As consequências de um impeachment sem consequências
Para que serve um impeachment que não serve para nada? Para muito. Embora se conheçam desde já os resultados negativos deste processo de destituição que foi votado - quase - só por democratas na Câmara dos Representantes e em seguida irá ser barrado num Senado de maioria republicana, são várias as razões que o farão ressoar nas lições da história. Talvez mais, até, do que hoje antecipamos.
1. O processo contra Trump vai decorrer num ano eleitoral nos EUA - e todos sabemos como, nos EUA, os anos eleitorais são-no de facto, longos processos de primárias, pré-campanhas e campanhas.
Haverá lama atirada, mentiras e meias-verdades usadas como argumentos eleitorais. Mas, também, aprendemo-lo no último ato eleitoral de 2016, de um longo e prolongado período em que as técnicas de desinformação representarão um papel tão ou mais importante do que aquele que desempenhou nessa altura. Estas técnicas evoluíram nas redes sociais, sabemo-lo hoje, até se tornarem um subtexto incontrolável - uma fogueira a que este impeachment fornecerá mais achas, mais motivos.
2. O valor que estas campanhas atingirem junto de quem está mais propenso a acreditar nelas - e com muito pouca capacidade de defesa - veremos nos resultados. Será bastante difícil, em todo o caso, para os democratas desfazer a teia de um processo por definição complexo, e com argumentos bem mais simplistas do outro lado.
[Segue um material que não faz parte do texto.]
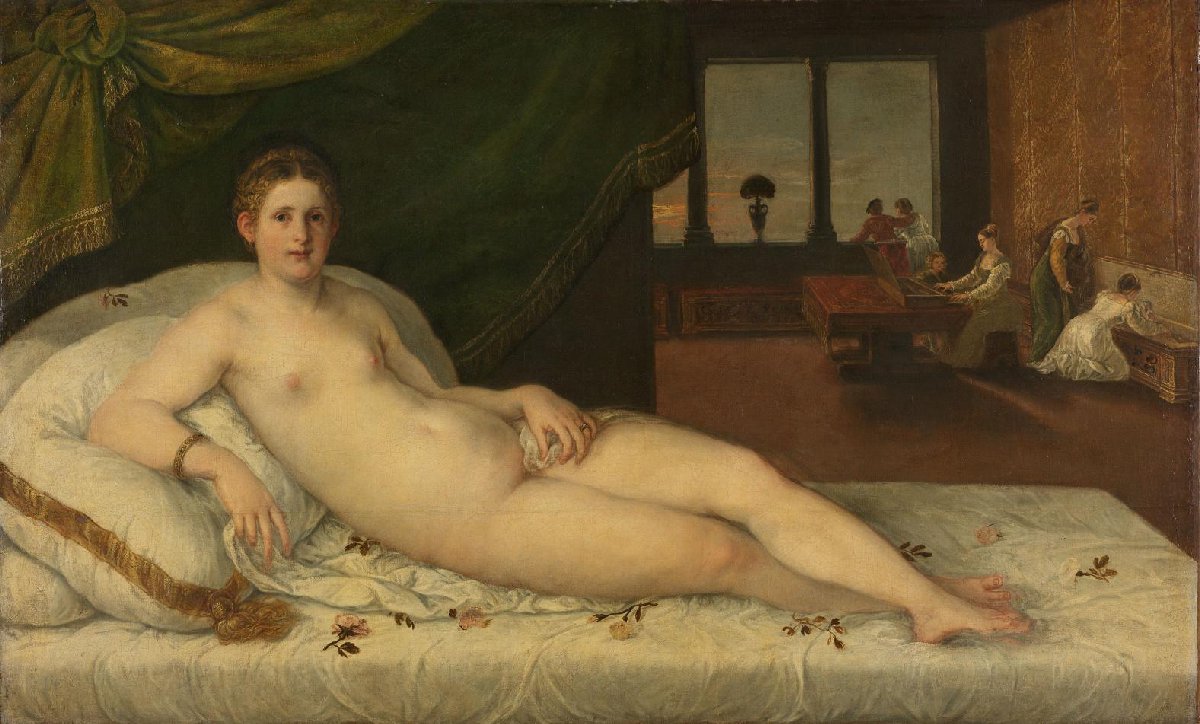 Reclining Venus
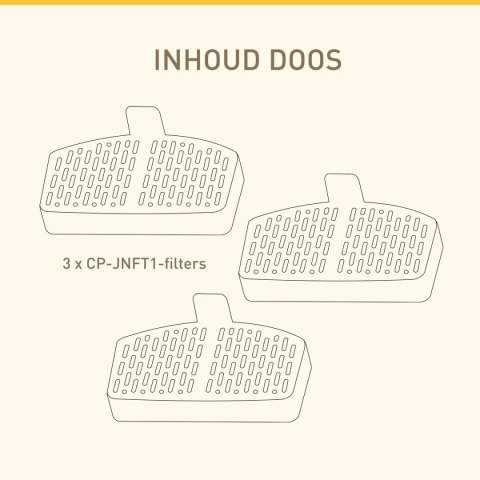 Poidełko dla zwierząt fontanna Panasonic CP-JNFT1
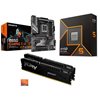 Gigabyte B650 GAMING X AX V2 + Ryzen 5 9600X + 32GB DDR5 6000MHz -tuotepaketti
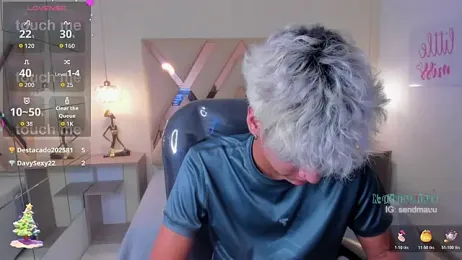 OliverTwinky webcam model stream image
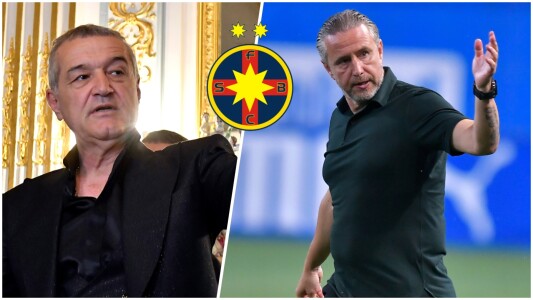 FCSB, din nou o forță după revenirea lui Laurențiu Reghecampf? Daniel ...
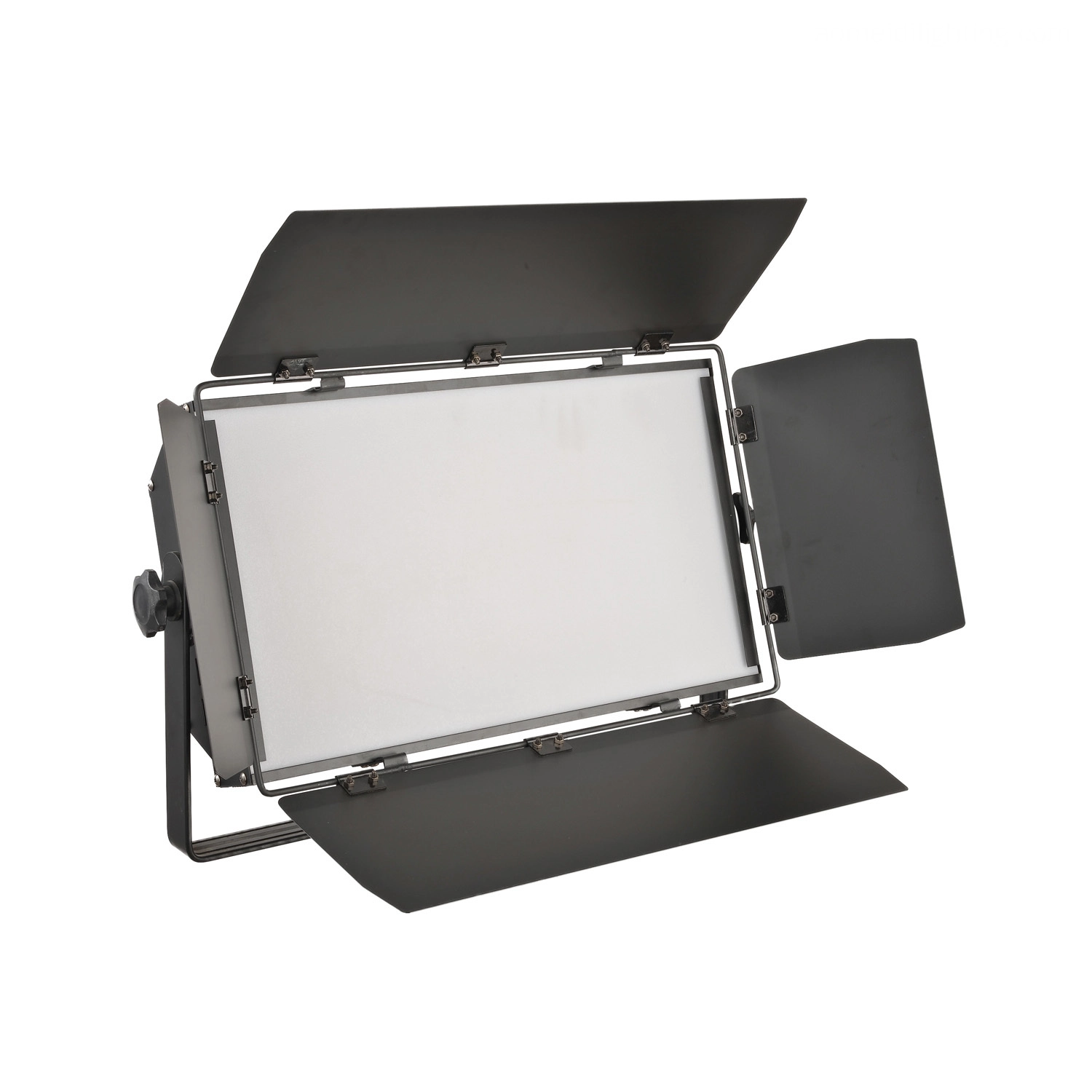 432 High CRI Silent Flicker-free LED Panel Light For Studio - AOMEIDI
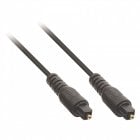 Goobay Cable de Audio Óptico Toslink Macho/Macho 50cm Negro Goobay Cable de Audio Óptico Toslink Macho/Macho 50cm Negro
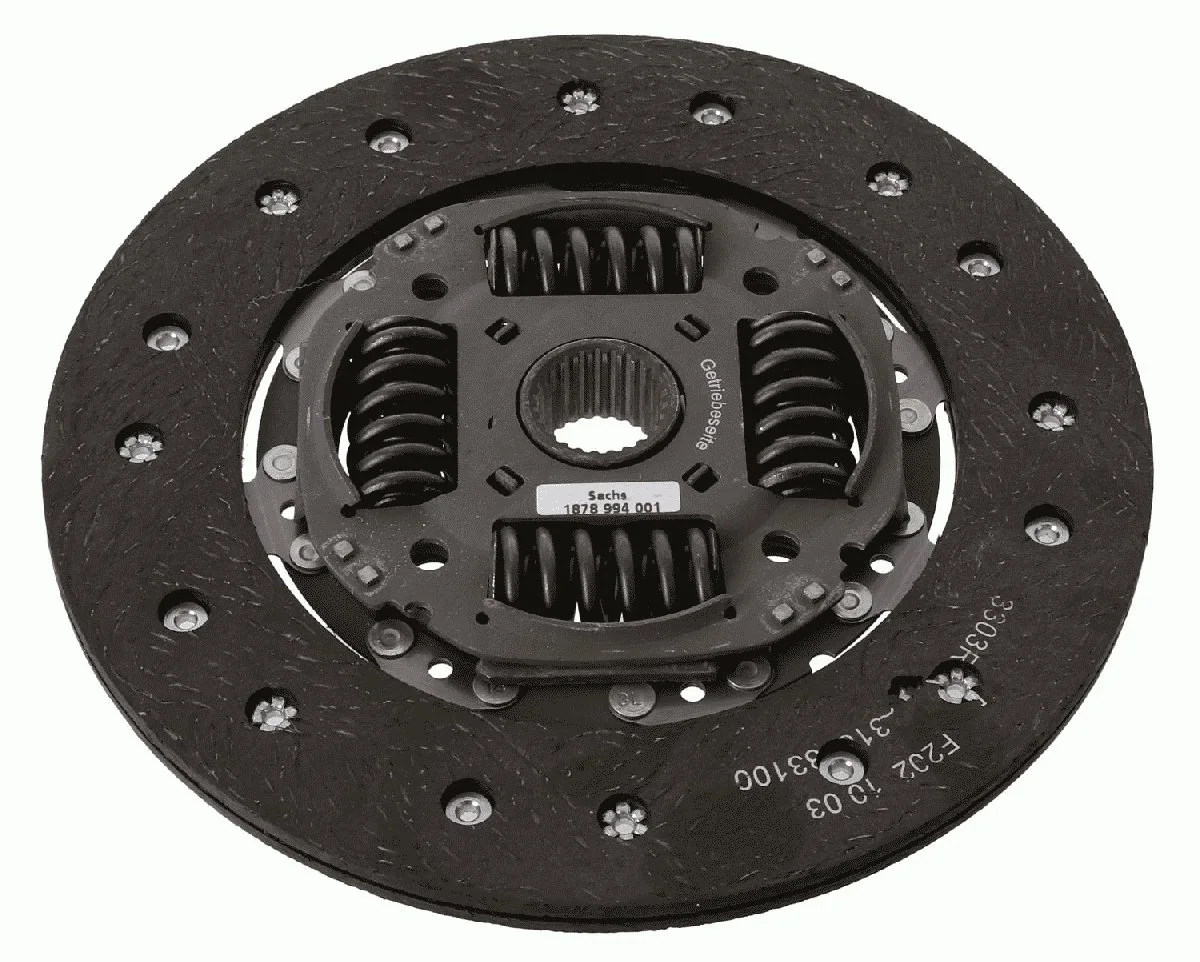 Clutch Disc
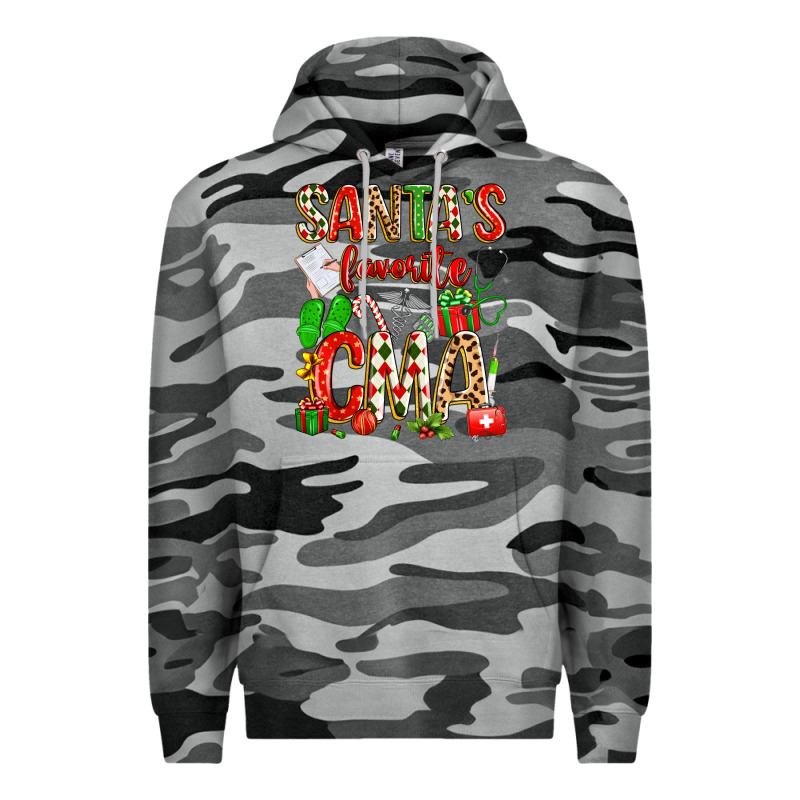 Santa's Favorite Cma Premium Hoodie by texasbilliewilder | Teevron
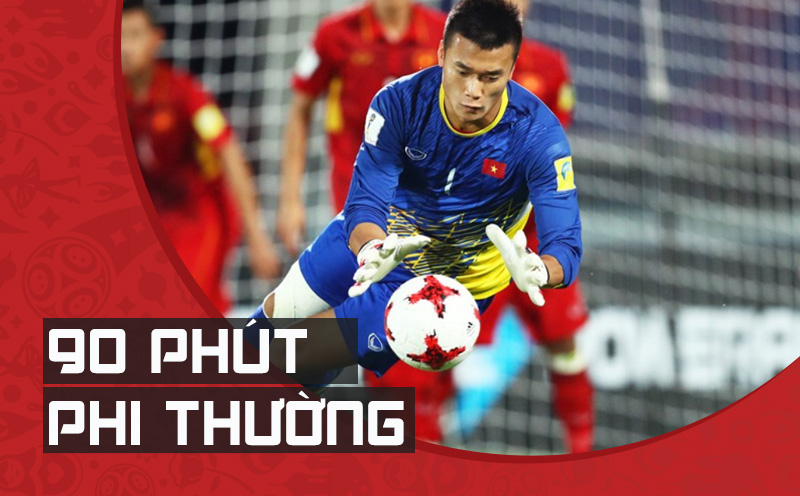90 phút phi thường của Bùi Tiến Dũng giúp U20 Việt Nam làm nên lịch sử tại World Cup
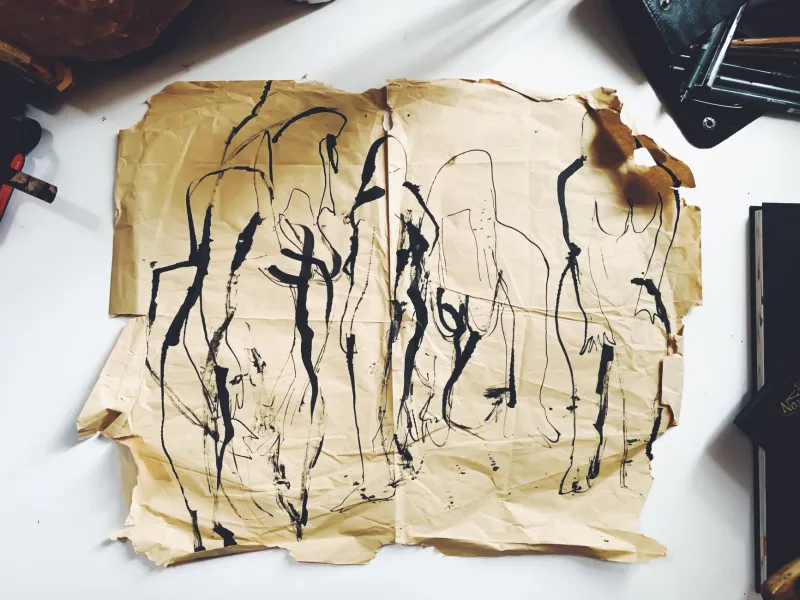 Biro Bravado: The Glorious Mess of Britain's Homemade Record Sleeve Tradition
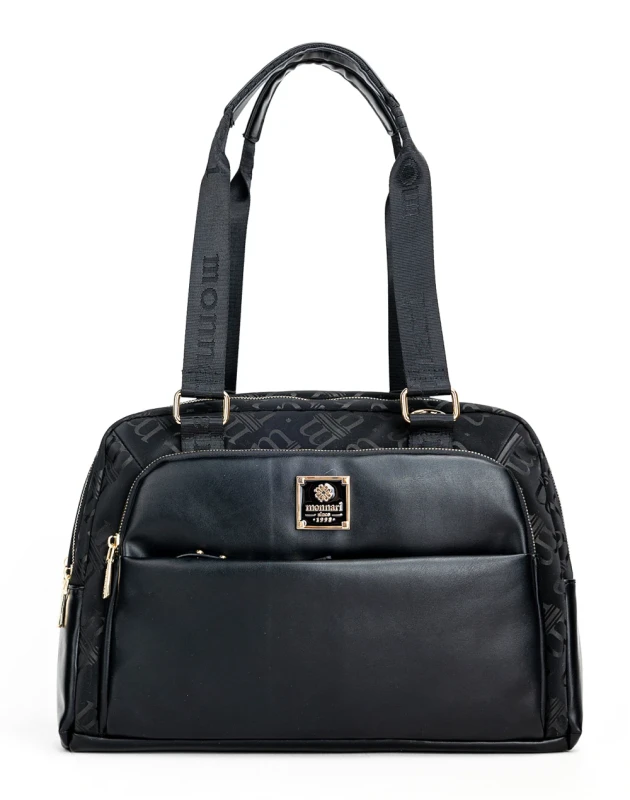 Torebka damska shopper MONNARI Premium Collection – Jesień Zima 2025/26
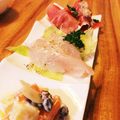すみッコぐらし's cooksnap of when they made 白身魚のカルパッチョ.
3. Esperemos, portanto, pelas mentiras que aí virão, mas dando como certa uma coisa: o tiro ao alvo jornalístico. Foi assim até agora, com Trump a identificar alguns media como parte da bolha que pretende combater - e a mensagem tem passado direitinho. Os media seguiram a cartilha de Trump e foram-lhe dando cada vez mais razão ao longo dos tempos - divididos como nunca. Os leitores, esses, tiveram uma de duas atitudes: ou se cansaram deles ou seguiram-nos segundo lhes amansavam o fio das suas opiniões.
4. Ou seja, este impeachment terá a particularidade de acentuar a principal característica da América dos nossos dias: mais dividida do que nunca. E que, como uma criança que vai atrás do choro, tende a persistir nesse caminho cada vez mais perigoso.
Agora é a vez do "eles contra nós", um papel em que o presidente é, digamos, um ator natural - veja-se a carta que escreveu a Nancy Pelosi, a porta-voz da Câmara dos Representantes. Trump aproveitará bem o guião, passeará pela passadeira da vitimização que os democratas lhe estenderam.
Isso não quer dizer que este processo não devesse andar para a frente - sobretudo por razões eleitorais. Seria a subversão do sistema. A subversão da América como a conhecemos e que, por detrás de todo o cinismo e imperfeição, tem ainda uma das mais controladas democracias do mundo - que os novos tempos estão claramente a pôr à prova.
5. O problema é exatamente o contrário e leva à terceira razão: a falta de gravidade a que chegou a política. Quando Donald Trump era apenas um arremedo de candidato, muitos foram os republicanos que se opuseram à ideia. Os mesmos que agora se reúnem à sua volta, por mais boçais que sejam as suas atitudes. O poder une, e o poder que se baseia em critérios pouco ortodoxos une de formas inesperadas - é isso que temos aprendido com Trump e com muitos outros líderes do mundo contemporâneo, que fogem aos cânones.
É verdade que nunca nenhum político americano caiu por um impeachment - Nixon demitiu-se antes que isso acontecesse. Mas o que aconteceu nessa altura, a união de republicanos e democratas contra um presidente que claramente quebrara as regras da civilidade democrática, não acontece agora - a dignidade já teve melhores dias.